[hts-users:03301] Re: How to improve performance of TTS without manual phoneme alignment
- Subject: [hts-users:03301] Re: How to improve performance of TTS without manual phoneme alignment
- From: Kwan Lisa <lisakwan1102@xxxxxxxxx>
- Date: Sun, 13 May 2012 18:05:13 +0800
- Delivered-to: hts-users@xxxxxxxxxxxxxxx
- Dkim-signature: v=1; a=rsa-sha256; c=relaxed/relaxed; d=gmail.com; s=20120113; h=mime-version:in-reply-to:references:date:message-id:subject:from:to :content-type:content-transfer-encoding; bh=pNsQSY/WDkAPh4d1YFO2g2uvpKw0qP67Pfj3aDGxUW4=; b=OshExSd8bEGKkysWpOJjmT0JpYiI05KuWyHXRSk/rILSCzG19WZQ/goxzXD3qdaEMd ODB8sdRww2ExKlBeUmhOqLKc9CAK/Isv2xxEoLa2uYDbhbc697Sbqpd+vaowcwHi/C2K nZUwNXL24v+WOsfGzoLgBoi8I3tkyurtNzAFZcsGHgHYyFfAAg/4lI2FnVjF7u/61vni xEvmMf5KRA1IhN8PSl0kZLlWOk4yQVP/4qPuCGikgZ2c9OCawazQGxw74wxIlryIT9kg Gvgylk5mzJj2CZxSa0NJf+mixqtehmy9vVGeMHoXZncv+2SwvzDZ7fgJn6yeqpXxhgSg VNvg==
Maybe it was the diversity of my corpus resulted in the poor
performance. My corpus consists of voices of 300 speakers and about
200 sentences (about 10 mins) for each speaker. This corpus is not
labeled manually. I built a average voice model using about 3000
sentences, then I used sentences of one speaker to perform adaptation.

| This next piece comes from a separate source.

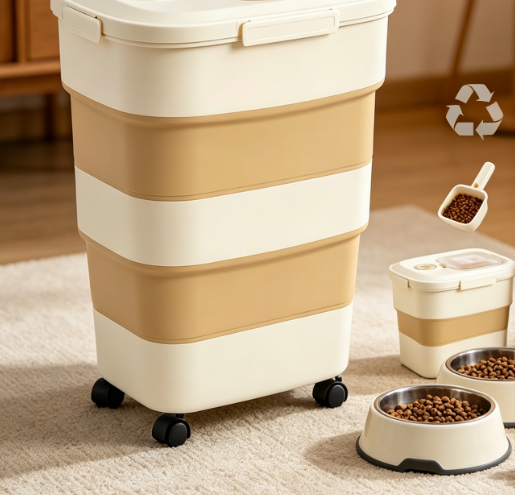 Large capacity foldable pet food storage box with wheels, portable moisture-proof container - Image 2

At the first place I thought the alignment accuracy was the reason why
performance was bad. But I think you are right. Embedded training
procedure doesn't rely on the phoneme boundary. Now I'm not sure what
kind of method could improve the performance of the TTS system. I'm
afraid that the number of the adaptation sentence is too small;
however I only have 200 sentences for each speaker.
2012/5/13 huanliangwang <huanliangwang@xxxxxxx>:
> Hi,
> Our experiments show the same conclusion as you. The effect of initial
> phone boundary to the synthesis results is very limited if you use the
> embedded training procedure. I think the consistency between mono phone
> sequence and full-context phone sequence, as well as in training stage and
> in synthesis stage, may be more important for synthesis performance.
>
> Best Regards,
>
> hlwang
>
>
>
> At 2012-05-13 10:05:26,"那兴宇" <nxy-yzqs@xxxxxxx> wrote:
>
> My opinion:
> HTS system use phoneme boundaries only in the initialization stage of
> monophone models, which will affect the result of convergences in the
> embedded training of full-context models. But in my experiments, phoneme
> alignment does not affect that much. So I do not know what is your corpus
> size, maybe using more training data would help.
> --
> Xingyu Na (那兴宇)
> Beijing Institute of Technology
> naxy(at)bit.edu.cn
> asr.naxingyu(at)gmail.com
> naxingyu at {facebook, twitter, linkedin}
>
>
> At 2012-05-13 03:29:51,"Kwan Lisa" <lisakwan1102@xxxxxxxxx> wrote:
>>Hi,
>>
>>I'm using a corpus without manual phoneme alignment. Thus, I performed
>>forced alignment to get the phoneme boundary information.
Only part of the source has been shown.